The January 30 civil rights march in Derry was protesting the policy of internment. Almost 2000 people were interned between 1971–75, the vast majority from the nationalist, Catholic community. Torture of those “lifted” off the streets by British troops was widespread.

Unsurprisingly, such horrors led to a surge of young men and women joining the republican armed groups that fought to end Britain’s military occupation. More than two decades of war was officially ended by a peace deal in 1998, but the key issues remain unresolved.

The roots of the violence go back to the 1922 partition of Ireland, when Northern Ireland was created as a sectarian state under British control. As part of its agreement to end the Irish War of Independence, the colonial power granted independence to most of Ireland, except for six counties in the north.

Northern Ireland was deliberately created with an artificial majority of Protestants, who largely supported British rule (known as unionists). In contrast, the Catholic community were largely Irish nationalists opposed to British rule. The Catholic minority faced systemic discrimination in jobs, schooling, housing, voting rights and more.

A civil rights movement arose in the 1960s demanding equality for the Catholic minority. It was met with vicious repression from Northern Ireland’s police force and unionist gangs.

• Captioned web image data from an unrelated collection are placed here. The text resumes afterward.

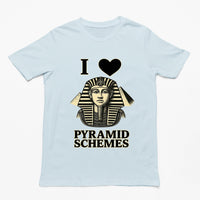 I Love Pyramid Schemes T-Shirt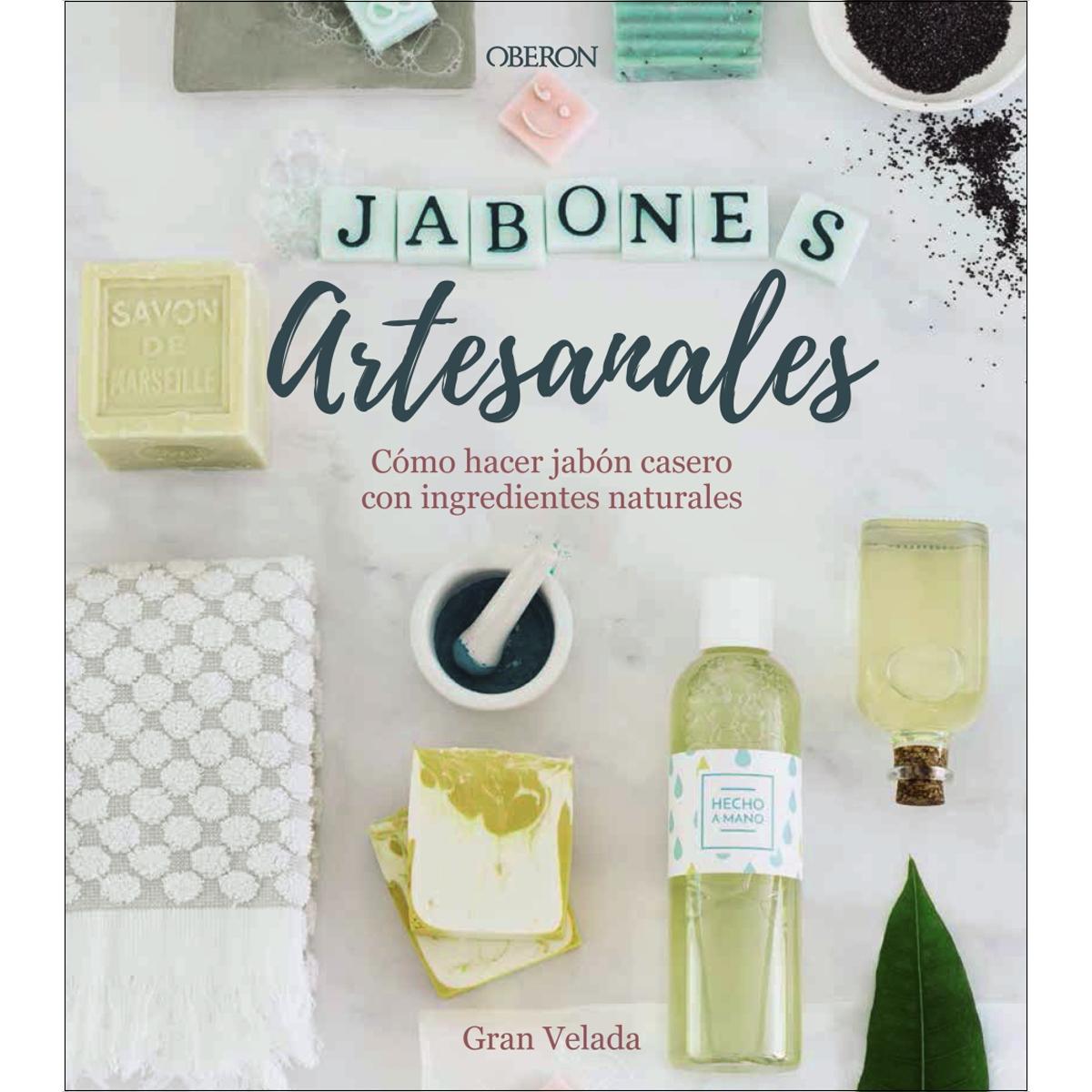 Jabones artesanales. Cómo hacer jabón casero con ingredientes naturales(Tapa dura) 1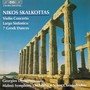 SKALKOTTAS: Violin Concerto / Largo Sinfonico / Greek Dances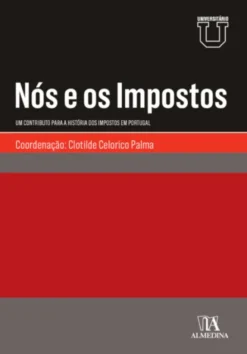 Nós e os Impostos - Um Contributo para a História dos Impostos em Portugal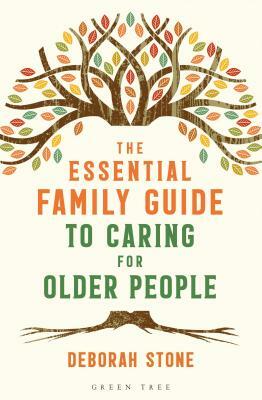 The Essential Family Guide to Caring for Older People by Deborah Stone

In response, working-class nationalist communities sought to defend themselves, engaging in street fighting and building barricades in events such as the 1969 Battle of the Bogside in Derry. This created a “liberated zone” that led to the famous mural declaring: “You Are Now Entering Free Derry.”

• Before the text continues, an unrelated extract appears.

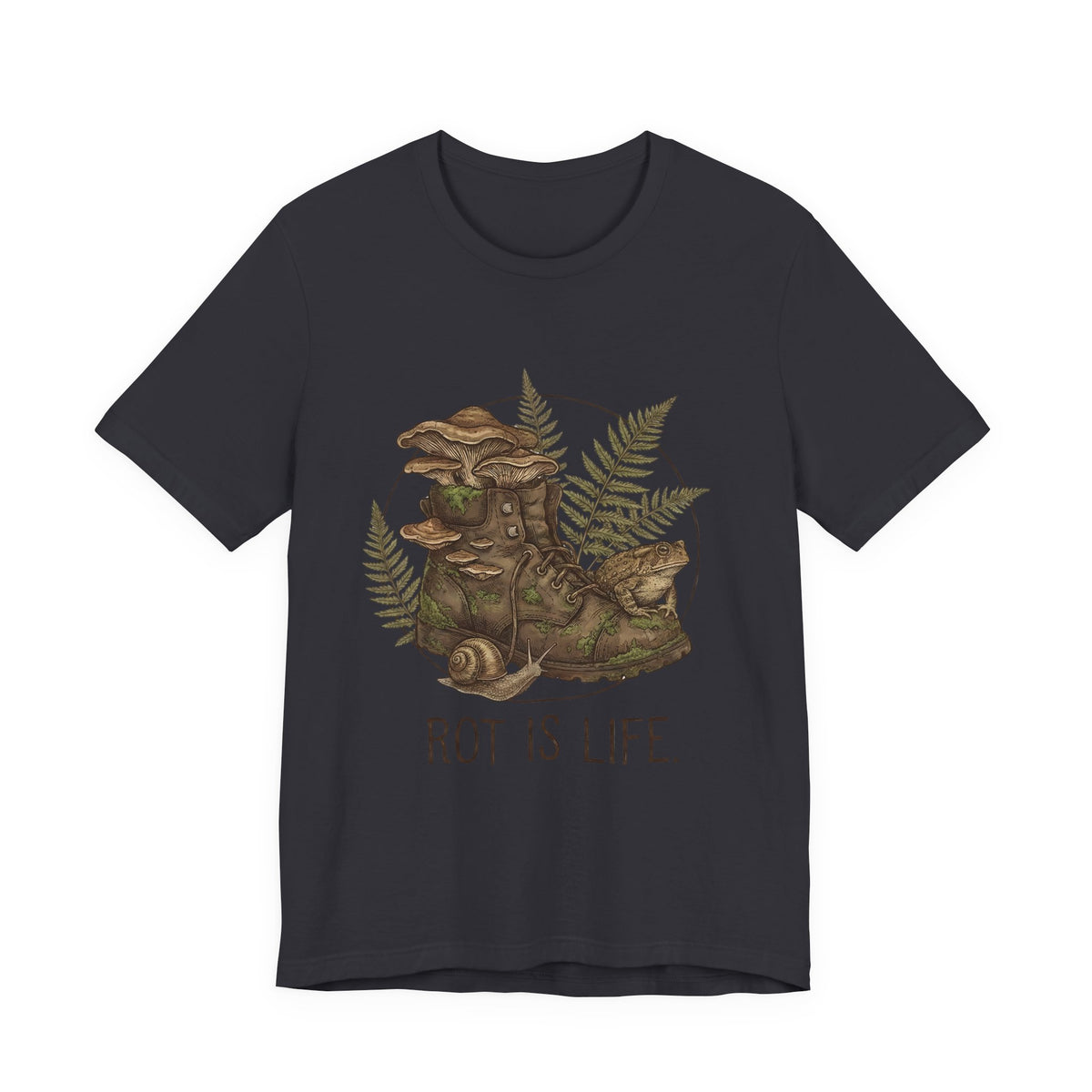 Rot Is Life T‑Shirt — Woodland Mushroom Decay Graphic Tee
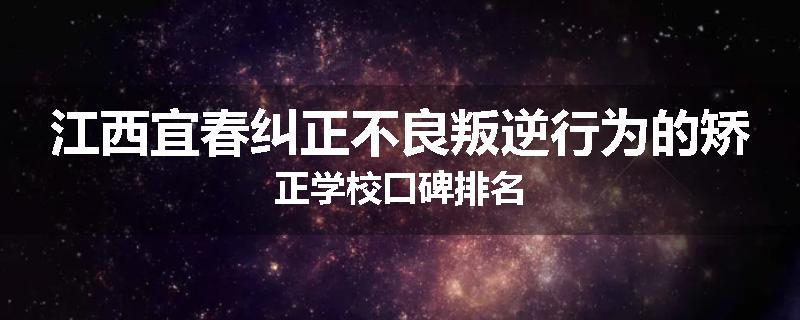 江西宜春纠正不良叛逆行为的矫正学校口碑排名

With violence spiralling, Britain decided to send troops to its Irish territory as “peacekeepers”. Initially welcomed by many Catholics due to promises the soldiers would protect them from unionist pogroms, it was soon clear it was the nationalist community bearing the brunt of British violence.

With civil, non-violent struggles being made impossible by the actions of the occupiers, who shot unarmed civilians with impunity, the struggle against the sectarian state degenerated into an all-out war.

Britain carried out its war against the nationalist community in the name of “fighting IRA terror”. Yet evidence grows about the depths of British forces’ collusion with unionist death squads that targeted Catholic civilians.

For instance, the close links and active involvement by British forces in unionist paramilitary massacres were detailed in depth in Anne Cadwallader’s 2013 Lethal Allies: British Collusion in Ireland.

A British government-commissioned inquiry in 2020 established that 85% of the pro-British terror gangs’ intelligence information came from British security agencies. On January 13, Northern Ireland’s police ombudsman confirmed evidence of “collusive behaviour” between British officers and unionist death squads over 1989–93. At least 19 murders were associated with this collusion.

Yet in an ongoing pattern of impunity, People’s World reported on January 22 that “the British government is seeking an amnesty for its armed forces, halting investigations and denying victims access to the courts and to a legitimate trial”.

The 1998 Good Friday Agreement (GFA) was a recognition that British forces could not defeat republican groups with strong support in nationalist communities, nor that republican armed groups could militarily defeat British forces. But more than two decades on, much of the agreement has not been implemented.

Britain’s fraught process of withdrawing from the European Union (EU) has also highlighted the absurdity of British control over six Irish counties. Despite a majority in Northern Ireland voting to remain in the EU, it is being dragged out by Britain and hard-fought gains from the peace process are being threatened.

In this context, Irish republican party Sinn Fein — currently the most popular party across the island — is campaigning for an all-Ireland referendum on Irish unity as allowed under the GFA.

Ultimately, the campaigns for justice for the many victims of the conflict that rocked Northern Ireland in the last decades of the 20th century can’t be separated out from the conflict’s causes. Britain will not willingly acknowledge its crimes, because to do so would be to admit that controlling a sectarian state in Ireland’s north is itself a crime.